• _WORK ITEM_
Return the material below exactly, but only from the line with "In specimen management, you" through the line with "Most people experience", and without its pictures.

• _THE INPUT_
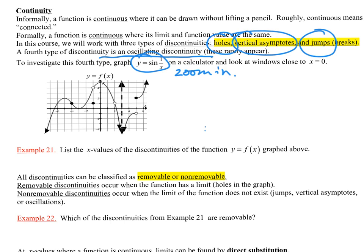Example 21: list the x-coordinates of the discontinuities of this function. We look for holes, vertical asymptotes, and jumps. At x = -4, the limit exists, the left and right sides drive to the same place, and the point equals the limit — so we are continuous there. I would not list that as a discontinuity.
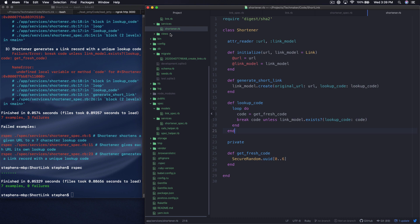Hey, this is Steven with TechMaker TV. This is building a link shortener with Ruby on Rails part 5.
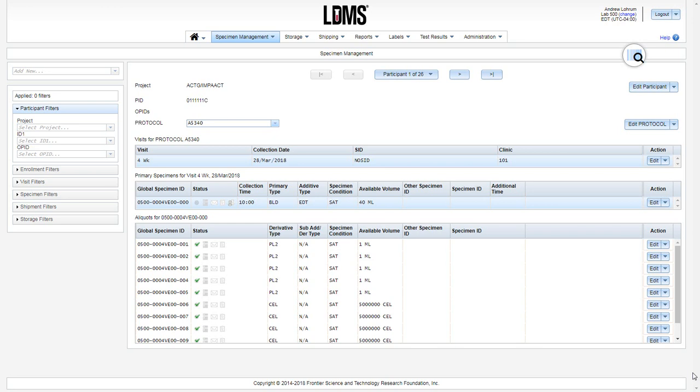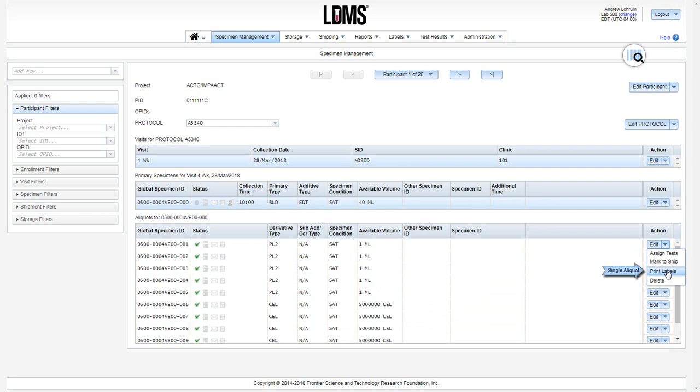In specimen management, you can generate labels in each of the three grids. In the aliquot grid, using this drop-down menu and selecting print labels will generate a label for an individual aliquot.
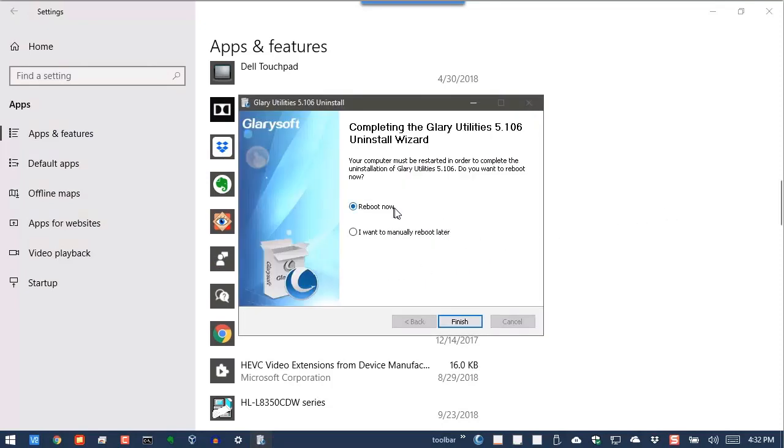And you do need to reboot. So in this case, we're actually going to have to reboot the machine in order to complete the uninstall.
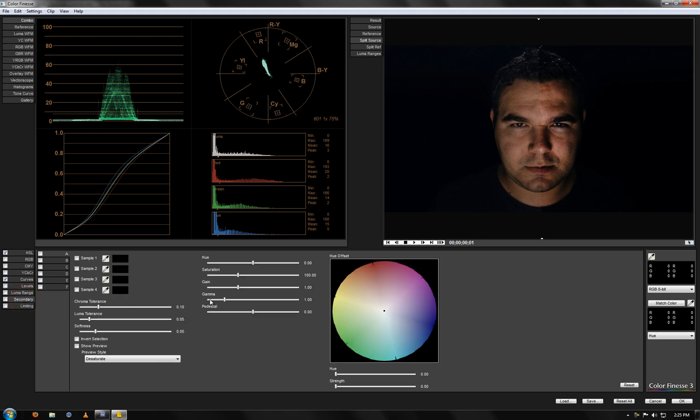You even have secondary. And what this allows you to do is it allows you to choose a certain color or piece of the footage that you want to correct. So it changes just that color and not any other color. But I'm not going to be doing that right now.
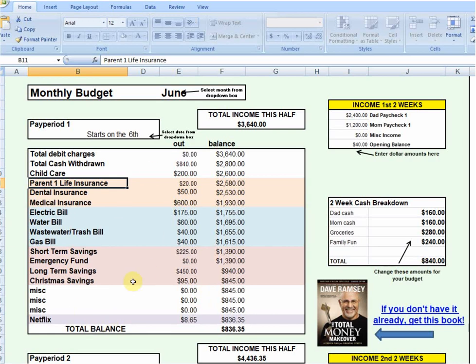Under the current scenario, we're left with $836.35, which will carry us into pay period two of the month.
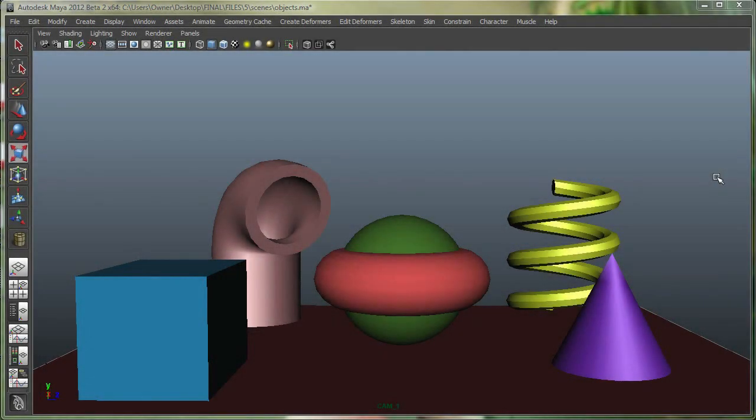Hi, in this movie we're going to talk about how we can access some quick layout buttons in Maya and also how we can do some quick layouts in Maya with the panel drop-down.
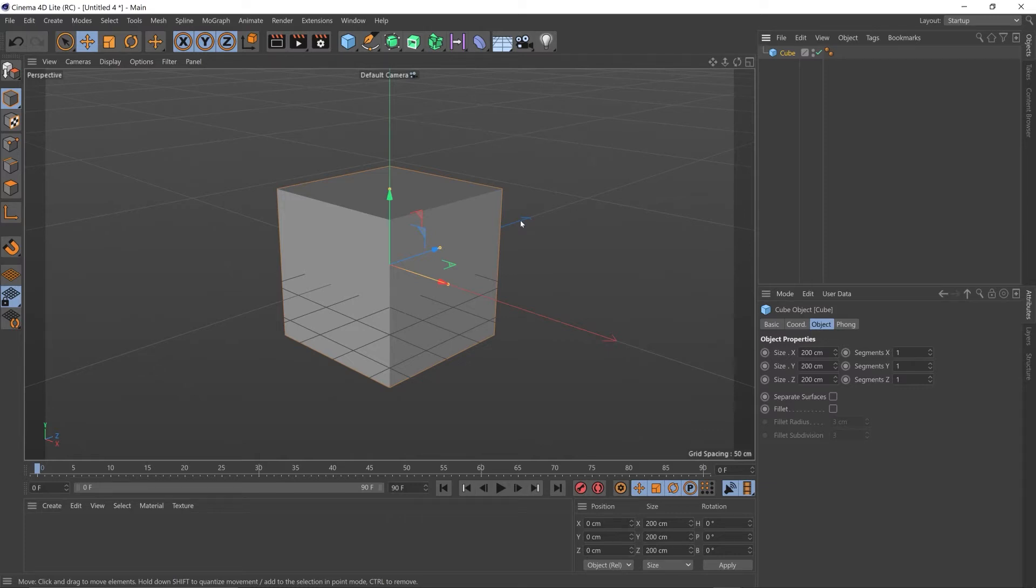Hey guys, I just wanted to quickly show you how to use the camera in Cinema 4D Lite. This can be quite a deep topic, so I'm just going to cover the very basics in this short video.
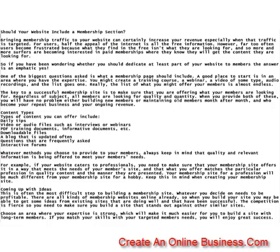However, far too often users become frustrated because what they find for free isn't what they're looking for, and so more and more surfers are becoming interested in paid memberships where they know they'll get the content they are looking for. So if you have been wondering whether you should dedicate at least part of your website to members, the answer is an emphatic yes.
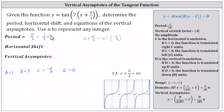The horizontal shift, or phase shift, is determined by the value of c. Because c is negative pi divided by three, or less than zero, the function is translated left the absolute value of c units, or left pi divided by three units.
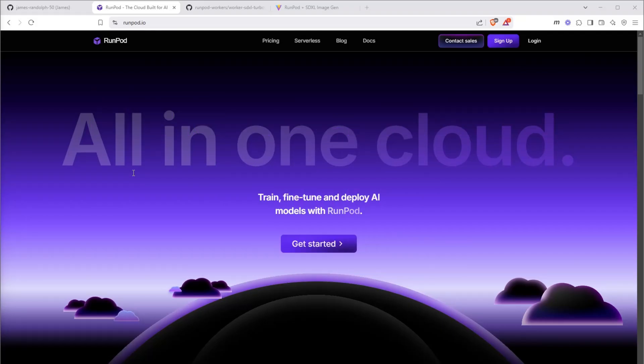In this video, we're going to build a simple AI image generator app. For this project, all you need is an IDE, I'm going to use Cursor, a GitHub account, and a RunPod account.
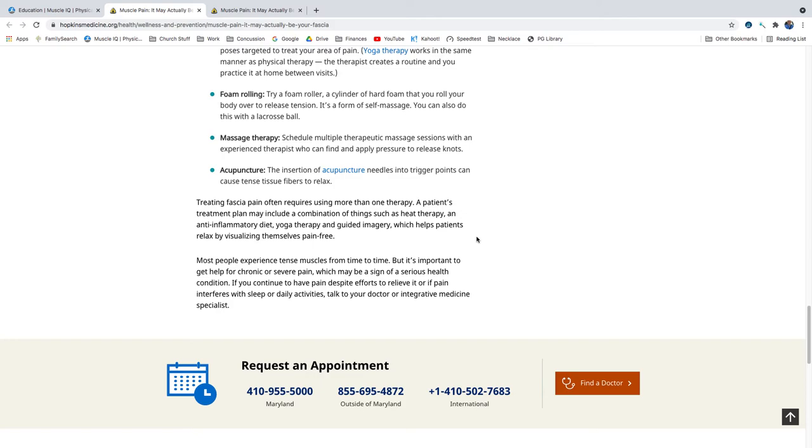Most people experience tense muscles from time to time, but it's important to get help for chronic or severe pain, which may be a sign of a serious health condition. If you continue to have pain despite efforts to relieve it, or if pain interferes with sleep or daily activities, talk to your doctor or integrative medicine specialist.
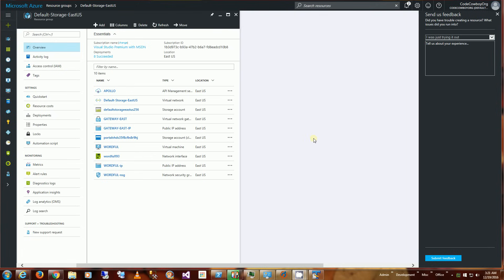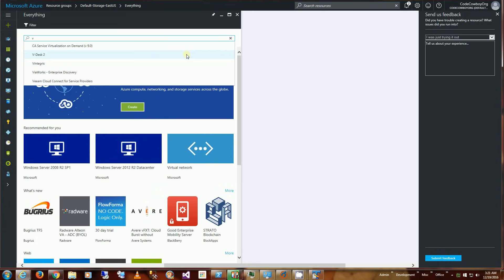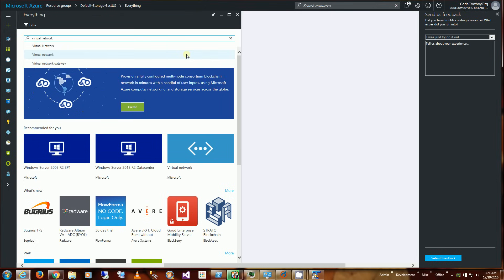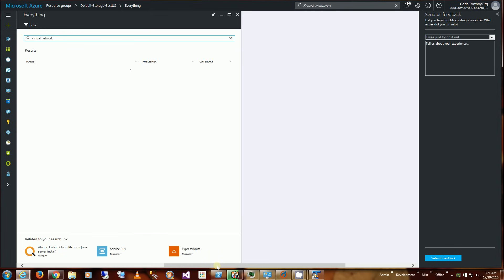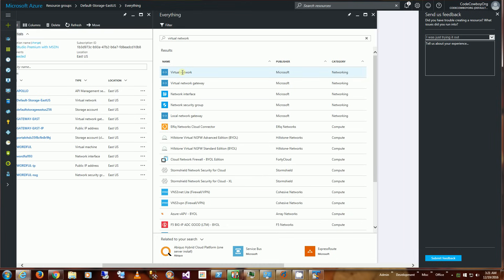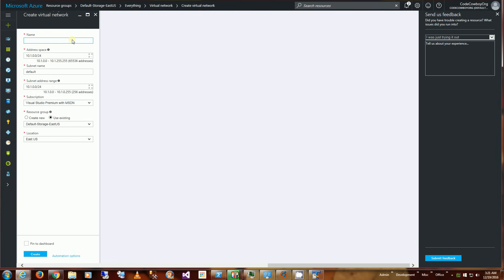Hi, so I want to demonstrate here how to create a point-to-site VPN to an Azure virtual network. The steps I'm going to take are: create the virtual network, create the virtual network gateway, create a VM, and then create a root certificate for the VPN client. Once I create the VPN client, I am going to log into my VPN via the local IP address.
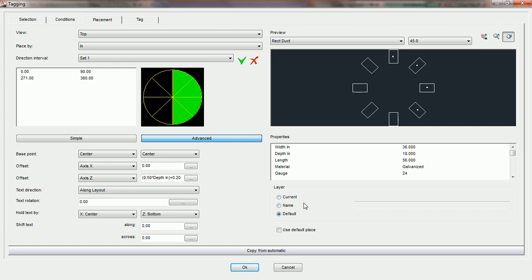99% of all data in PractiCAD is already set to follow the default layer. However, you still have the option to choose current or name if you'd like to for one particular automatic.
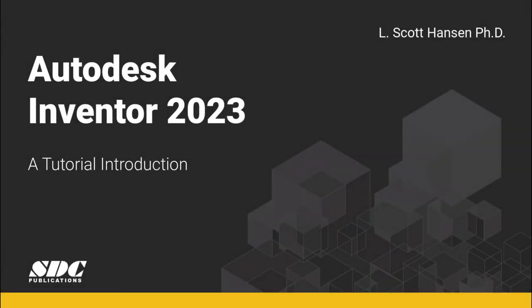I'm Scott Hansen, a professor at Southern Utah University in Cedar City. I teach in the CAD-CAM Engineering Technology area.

• _WRITTEN SOLUTION_
In specimen management, you can generate labels in each of the three grids. In the aliquot grid, using this drop-down menu and selecting print labels will generate a label for an individual aliquot.
And you do need to reboot. So in this case, we're actually going to have to reboot the machine in order to complete the uninstall.
You even have secondary. And what this allows you to do is it allows you to choose a certain color or piece of the footage that you want to correct. So it changes just that color and not any other color. But I'm not going to be doing that right now.
Under the current scenario, we're left with $836.35, which will carry us into pay period two of the month.
Hi, in this movie we're going to talk about how we can access some quick layout buttons in Maya and also how we can do some quick layouts in Maya with the panel drop-down.
Hey guys, I just wanted to quickly show you how to use the camera in Cinema 4D Lite. This can be quite a deep topic, so I'm just going to cover the very basics in this short video.
However, far too often users become frustrated because what they find for free isn't what they're looking for, and so more and more surfers are becoming interested in paid memberships where they know they'll get the content they are looking for. So if you have been wondering whether you should dedicate at least part of your website to members, the answer is an emphatic yes.
The horizontal shift, or phase shift, is determined by the value of c. Because c is negative pi divided by three, or less than zero, the function is translated left the absolute value of c units, or left pi divided by three units.
In this video, we're going to build a simple AI image generator app. For this project, all you need is an IDE, I'm going to use Cursor, a GitHub account, and a RunPod account.
Most people experience tense muscles from time to time, but it's important to get help for chronic or severe pain, which may be a sign of a serious health condition. If you continue to have pain despite efforts to relieve it, or if pain interferes with sleep or daily activities, talk to your doctor or integrative medicine specialist.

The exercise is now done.